Item citation: folder 51 in the William Porcher Miles Papers #508, Southern Historical Collection, The Wilson Library, University of North Carolina at Chapel Hill.

Item transcription:

Charleston, S.C.
April 15, 1862

My Dear Miles,

Your telegraph just received. of course there is the [] of the matter in one direction at least. Gen. Lee ought to know a great deal better than I do but I cannot help having the conviction that he is wrong.

If the surrender of Pulaski is true under the circumstances reported, if the wall of that fort has been pierced clean through with steel pointed balls at 2000 yds, [] almost contemptuous prophesies of all the “army” officers here have been [] falsified by a breach in two days which they pronounced impossible in twenty. What are our forts worth – what safety can we feel even for Sumter?

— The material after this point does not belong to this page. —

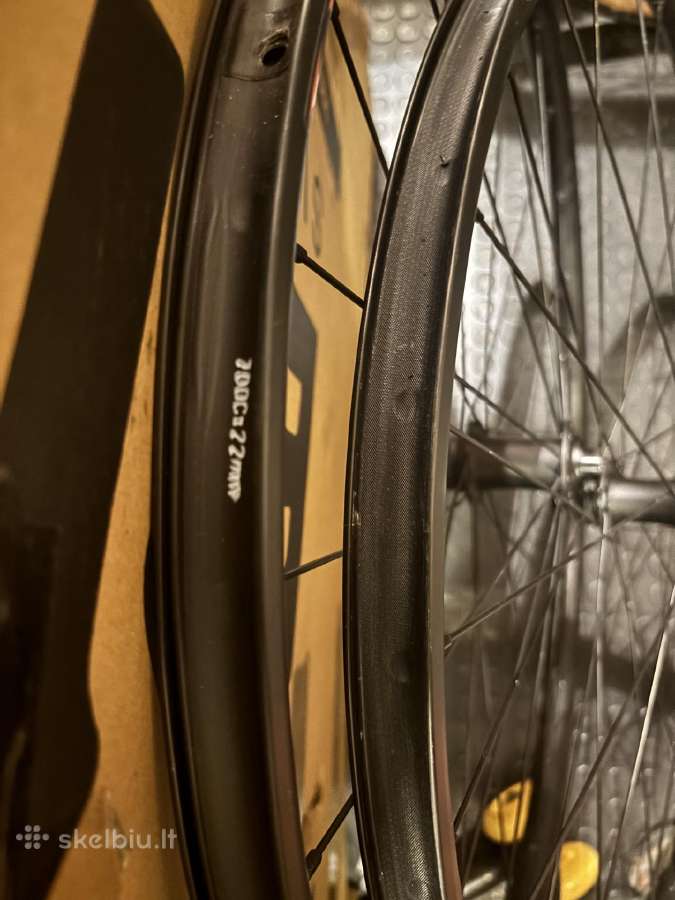 Dviracio ratai 28 nuo specialized sirrus X - nuotraukos Nr. 3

If we have every reason to believe that the success of the Virginia and the Monitor has put every navy yard at the North into uneasing operation to make new and better ones are we not to expect that thy will come here and if they do what means of resistance have we?

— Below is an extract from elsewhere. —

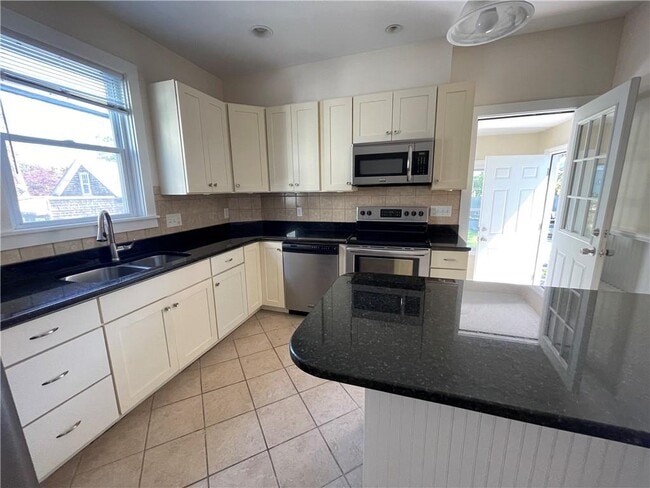 Foto del edificio - 26 Ayrault St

Under these circumstances it is his duty and so Gen. Ripley feels it to bend all his energy to perfecting the obstructions to the harbour. The work is enormous but it is practicable and if effected will I believe be successful but it will require all his time all the labour and material he can command and his own active supervision. He is now overburdened with office work he has nobody to assist him. He has not really the time to give the attention due to the troops under his command. [] is charged with the heavy works at Elliotts Cut ordered by Pemberton against his advise and opinion which absorb all available labour and time.

If he cannot protect the harbour as he wishes, it is not his [] and if we are sacrificed it will be because of persistent injustice to the man who has shown more energy and ability than any one else, who has been with us from the beginning through all the heat and [] of the day.

I hope he will not resign but I do hope he will put himself right on the record for the time will come when the truth will be told and he will [] enough to tell it so it will be heard.